Para hacer mi cuajao, comienzo con un sofrito criollo de ají dulce y cebollín en aceite pintado con onoto. Agrego luego alcaparras picaditas y uvas pasas enteras, y cuando se han dormido un poco, le agrego cuadritos de tajada bien fritica de plátano maduro (la receta tradicional es con la tajada entera). Logrado este sofrito base, bato huevo entero y lo mezclo con un pisillo de cualquier pescado (cazón, robalo, etc.) que haya hervido en un caldo corto con cilantro, cebolla y ají dulce. Dependiendo del humor, a veces le agrego al huevo ruedas de papa hervida, de ½ centímetro de ancho. Pero en todo caso, lo importante es que no sea mucho huevo, tal como en el caso de la tortilla española de papa. A esta mezcla de huevo, pescado, y papa; le agrego el sofrito (no muy caliente para que no cocine el huevo), mezclo bien y en una sartén hago la tortilla. Basta cambiar el pescado por erizo, pescado salado, huevas y hasta mariscos, para tener variaciones de esta maravilla de nuestro acervo oriental.

Pero como bien comentaba antes. La de Isabel es mejor.

Un día pasé, como tantas veces, por el restaurante de Isabel en Macanao, y con la desfachatez que siempre he exhibido cuando me toca visitarla, entré de lleno a su cocina. Esta vez fui directo. No estaba para rodeos: “Isabel sírveme un cuajao, pero muéstrame como lo haces que quiero aprender”. Un imperativo disfrazado con la voz melosa de quien sabe que está a punto de robar un secreto.
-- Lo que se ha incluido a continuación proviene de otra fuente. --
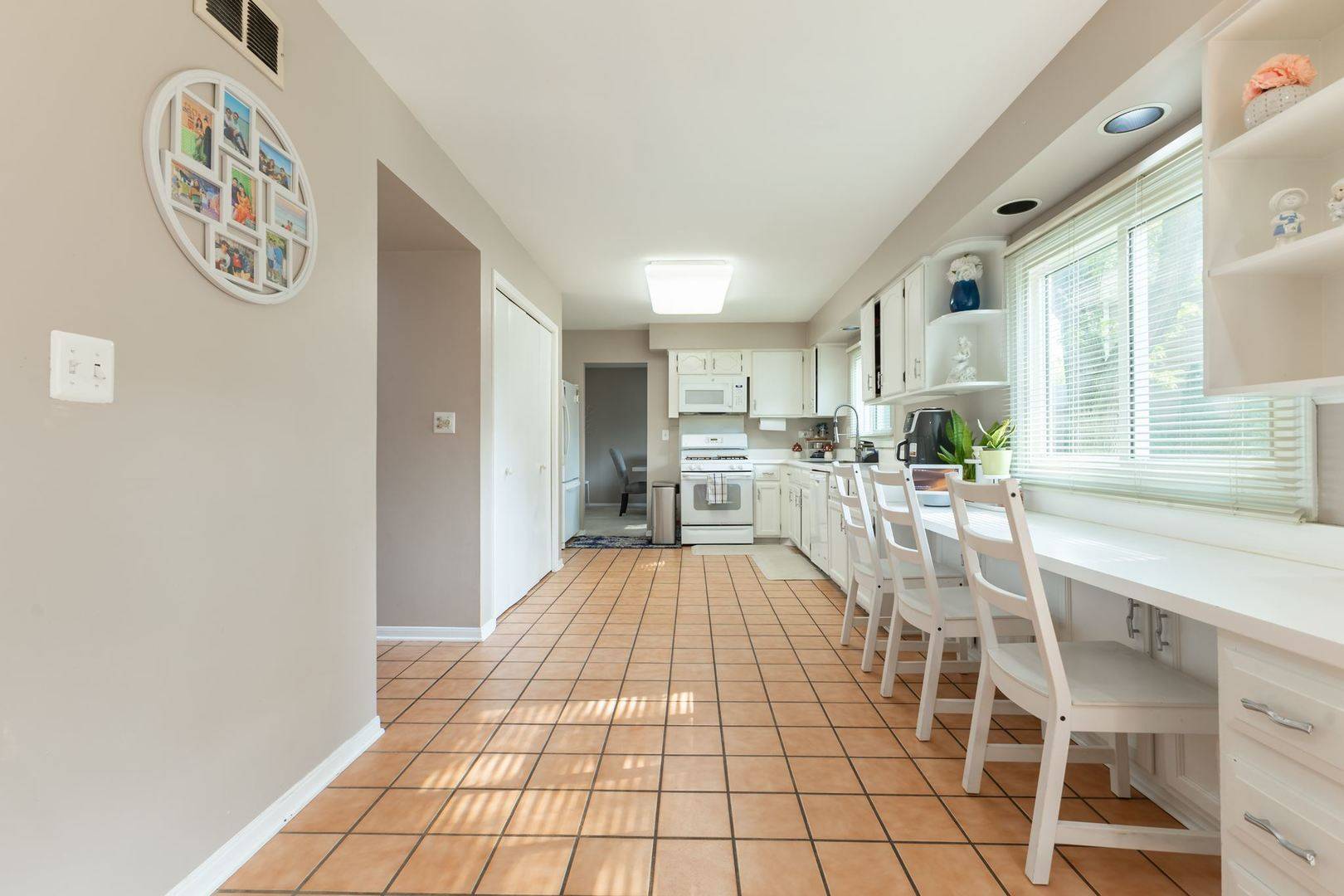 520 Highland Grove DR, Buffalo Grove, IL 60089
Sofrió. Igual que yo. Agregó tajadas. Igual que yo. Reservó el pisillo de pescado. Igual que yo. Comenzó a batir el huevo... ¡Allí estaba el secreto! Isabel batió y batió y batió ese huevo hasta que era una espuma aérea que había quintuplicado su volumen inicial. El gran secreto de Isabel no era un secreto de sabor. Era un secreto de textura.

II

Quienes nos hemos dedicado a la cocina, como negocio y en plano profesional, solemos creer que el recetario popular es la base desde donde nos edificamos, pero que las técnicas están en nuestras cocinas. Vamos a la fuente popular en busca de sazón y de historia, pero rara vez nos metemos en las cocinas populares a aprender codo a codo como hacen un plato. Por eso, cuando le preguntamos a una Isabel (papel en mano) por la receta, su respuesta será la que tiene que ser: “Bata bastante el huevo”. Pero ese bata bastante el huevo escrito está muy lejos de lo que esa persona puede enseñarnos si estamos a su lado ayudándola. Lo peor, es que esta actitud displicente hacia los saberes populares ha tendido a empeorar a medida que se popularizan los chef con laboratorio de investigación, lo que es de una arrogancia tremenda porque estamos hablando de cientos de años (miles en algunos casos como Asia) de decantación de pruebas y error.

Amigo cocinero. Amiga cocinera. La próxima vez que desee aprender como se hace un plato popular, entre a la cocina. La experiencia adquirida así, es infinita.